Court sentences poet to death on charges of apostasy in Saudi Arabia


Hundreds of writers around the world have joined human rights groups in urging Saudi Arabia to
release a poet who faces the death sentence on charges of “apostasy” for his poetry.

Palestinian poet and artist Ashraf Fayadh, 35, was sentenced to death by a court in the southwestern Saudi city of Abha earlier this month on a series of
blasphemy charges, according to Human Rights Watch, which viewed the trial documents .

The charges included insulting the “Divine Self” and the Prophet Mohammed, mocking the Quran and spreading atheism.

Fayadh had originally been handed a lesser sentence of four years in prison and 800 lashes on the charge of having inappropriate relations with members of the opposite sex.

The court had dismissed a prosecution request for a death sentence on the apostasy charge, citing Fayadh’s declared “repentance” and testimony that
indicated hostility between Fayadh and the complainant, HRW said.
But the prosecutor appealed the ruling, according to HRW.

In mid-November a new judge dismissed the earlier decision, saying Fayadh’s repentance was
not enough to avoid a death sentence for apostasy, citing verses from the defendant’s poetry.

Fayadh was initially arrested in 2013 after a personal disagreement with a man at a coffee shop in the town of Abha in relation to his poetry, according to HRW and writers’ association PEN

The man reportedly complained to the ultraconservative kingdom’s religious police, accusing Fayadh of insulting Islam in his book of
poems and insulting the Saudi state.

Fayadh reportedly has 30 days to appeal the death sentence, after which the case goes to the Supreme Court, HRW reported.

After Fayadh was arrested, according to HRW’s account based on the court documents, the
religious police discovered on his phone photos of Fayadh with several women, whom Fayadh said he met at an art gallery.

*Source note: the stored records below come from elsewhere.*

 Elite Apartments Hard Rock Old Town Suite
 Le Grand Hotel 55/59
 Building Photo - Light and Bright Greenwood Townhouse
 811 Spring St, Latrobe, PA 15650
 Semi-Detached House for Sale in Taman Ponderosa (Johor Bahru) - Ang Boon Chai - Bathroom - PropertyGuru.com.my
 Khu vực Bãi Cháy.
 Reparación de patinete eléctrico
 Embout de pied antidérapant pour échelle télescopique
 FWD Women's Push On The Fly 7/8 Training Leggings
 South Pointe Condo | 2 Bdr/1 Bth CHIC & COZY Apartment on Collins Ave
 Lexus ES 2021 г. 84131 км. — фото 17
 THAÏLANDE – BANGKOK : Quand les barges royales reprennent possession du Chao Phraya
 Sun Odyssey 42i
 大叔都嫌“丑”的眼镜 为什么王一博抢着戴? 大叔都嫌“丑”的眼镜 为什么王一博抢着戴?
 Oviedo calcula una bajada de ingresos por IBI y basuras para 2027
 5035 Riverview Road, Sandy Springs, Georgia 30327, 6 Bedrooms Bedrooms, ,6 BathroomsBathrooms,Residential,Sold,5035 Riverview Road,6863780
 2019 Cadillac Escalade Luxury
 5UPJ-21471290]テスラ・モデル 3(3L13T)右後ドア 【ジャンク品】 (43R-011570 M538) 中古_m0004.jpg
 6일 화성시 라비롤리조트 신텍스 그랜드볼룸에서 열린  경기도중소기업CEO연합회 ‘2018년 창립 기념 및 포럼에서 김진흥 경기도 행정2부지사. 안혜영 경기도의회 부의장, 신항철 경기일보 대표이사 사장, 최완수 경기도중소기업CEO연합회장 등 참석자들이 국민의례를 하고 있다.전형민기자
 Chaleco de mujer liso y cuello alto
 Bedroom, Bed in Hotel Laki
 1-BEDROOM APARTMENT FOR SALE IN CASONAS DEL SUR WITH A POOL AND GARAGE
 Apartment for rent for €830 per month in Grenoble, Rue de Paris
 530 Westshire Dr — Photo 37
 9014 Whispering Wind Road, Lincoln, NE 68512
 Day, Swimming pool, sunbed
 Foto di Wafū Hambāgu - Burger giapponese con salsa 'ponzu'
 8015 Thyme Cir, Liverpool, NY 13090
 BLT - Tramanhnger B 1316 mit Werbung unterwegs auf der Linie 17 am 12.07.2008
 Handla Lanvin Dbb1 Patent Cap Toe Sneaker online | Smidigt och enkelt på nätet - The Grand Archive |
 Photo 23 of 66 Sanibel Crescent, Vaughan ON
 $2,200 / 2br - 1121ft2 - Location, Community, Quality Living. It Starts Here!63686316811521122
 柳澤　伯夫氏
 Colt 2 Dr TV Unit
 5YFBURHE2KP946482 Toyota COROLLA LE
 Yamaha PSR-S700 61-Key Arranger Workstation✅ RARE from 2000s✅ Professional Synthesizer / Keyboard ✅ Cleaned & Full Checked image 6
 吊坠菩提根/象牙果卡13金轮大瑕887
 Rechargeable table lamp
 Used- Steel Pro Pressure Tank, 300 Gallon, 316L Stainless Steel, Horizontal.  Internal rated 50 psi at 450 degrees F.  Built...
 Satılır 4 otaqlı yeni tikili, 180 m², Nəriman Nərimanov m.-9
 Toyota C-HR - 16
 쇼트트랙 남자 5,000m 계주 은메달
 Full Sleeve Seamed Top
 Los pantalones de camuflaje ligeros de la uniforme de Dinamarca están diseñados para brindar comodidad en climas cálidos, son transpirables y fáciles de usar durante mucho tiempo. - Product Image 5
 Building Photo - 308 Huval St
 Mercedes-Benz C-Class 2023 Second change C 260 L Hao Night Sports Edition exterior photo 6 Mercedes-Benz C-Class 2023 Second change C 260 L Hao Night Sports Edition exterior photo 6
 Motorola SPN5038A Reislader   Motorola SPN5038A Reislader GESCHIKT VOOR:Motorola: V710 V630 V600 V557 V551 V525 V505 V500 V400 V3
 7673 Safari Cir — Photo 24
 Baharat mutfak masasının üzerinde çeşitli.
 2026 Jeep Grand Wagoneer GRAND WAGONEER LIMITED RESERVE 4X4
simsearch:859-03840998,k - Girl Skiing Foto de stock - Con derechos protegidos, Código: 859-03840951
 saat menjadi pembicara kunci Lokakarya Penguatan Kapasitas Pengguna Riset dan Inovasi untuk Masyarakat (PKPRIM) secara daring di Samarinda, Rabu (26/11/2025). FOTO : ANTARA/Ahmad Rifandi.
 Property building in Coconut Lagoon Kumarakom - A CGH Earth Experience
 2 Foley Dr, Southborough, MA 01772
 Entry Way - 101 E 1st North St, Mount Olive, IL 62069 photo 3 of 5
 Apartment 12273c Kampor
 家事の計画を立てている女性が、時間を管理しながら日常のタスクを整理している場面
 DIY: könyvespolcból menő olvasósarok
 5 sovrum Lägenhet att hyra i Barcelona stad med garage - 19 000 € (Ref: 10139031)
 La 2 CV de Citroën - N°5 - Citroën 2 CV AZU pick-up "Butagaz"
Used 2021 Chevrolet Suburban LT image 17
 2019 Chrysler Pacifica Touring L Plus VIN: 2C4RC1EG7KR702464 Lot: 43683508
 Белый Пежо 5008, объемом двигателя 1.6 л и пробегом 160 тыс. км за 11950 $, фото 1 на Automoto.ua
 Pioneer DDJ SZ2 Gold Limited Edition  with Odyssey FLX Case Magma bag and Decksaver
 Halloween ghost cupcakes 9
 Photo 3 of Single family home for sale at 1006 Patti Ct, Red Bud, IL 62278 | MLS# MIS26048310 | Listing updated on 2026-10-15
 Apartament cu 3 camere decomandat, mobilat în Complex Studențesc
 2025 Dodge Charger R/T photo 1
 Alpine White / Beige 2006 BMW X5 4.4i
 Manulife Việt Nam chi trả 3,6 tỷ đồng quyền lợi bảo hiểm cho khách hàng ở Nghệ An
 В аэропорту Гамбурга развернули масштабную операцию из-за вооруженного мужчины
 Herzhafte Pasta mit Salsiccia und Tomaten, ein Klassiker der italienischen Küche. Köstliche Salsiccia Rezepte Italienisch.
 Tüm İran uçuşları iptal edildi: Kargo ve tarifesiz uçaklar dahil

These photographs were the basis for the charge of having inappropriate
relations with members of the opposite sex.

Activists have posted scans online purporting to be the original trial documents .

The sentence has drawn condemnation from rights groups, cultural figures and social media, with the hashtag #FreeAshraf appearing in response to reports of the sentence.

Prominent writers including Britain’s poet laureate Carol Ann Duffy and Syrian poet Adonis signed an open letter by PEN International saying they were
“appalled” by the judgment.

“It is not a crime to hold an idea, however unpopular, nor is it a crime to express an opinion
peacefully,” read the letter.

An online petition launched by Amnesty International calling for his release has already reached more than 22,000 signatures.

“The sentencing of Ashraf Fayadh to death after an unfair trial shows the deep flaws in Saudi Arabian
criminal justice system and is yet another appalling example of the authorities flouting their international human rights obligations,” said Sevag Kechichian, Amnesty International’s Saudi Arabia researcher.

“Fayadh was imprisoned solely for peacefully exercising his right to freedom of expression — he
should be immediately and unconditionally released and his conviction should be quashed.”

Sarah Leah Whitson, Human Rights Watch’s Middle East director, said that “regardless of what Fayadh said or didn’t say, Saudi Arabia should stop arresting people for their personal beliefs.”

“The fact that Ashraf Fayadh is facing the prospect of being beheaded only adds to the outrageousness of this court ruling,” Whitson said.

Fayadh, a Saudi-born Palestinian, has been a prominent figure in Saudi Arabia’s nascent contemporary art scene, where he was involved in the Saudi-British art group Edge of Arabia and curated its exhibit for the 2013 Venice Biennale.

Saudi Arabia has faced increasing criticism for the punishments handed down by its judicial system, including beheadings, crucifixions and floggings.

Raif Badawi, a liberal Saudi blogger , was handed a 10-year prison term and ordered to be lashed 1,000 times last year for “insulting Islam.”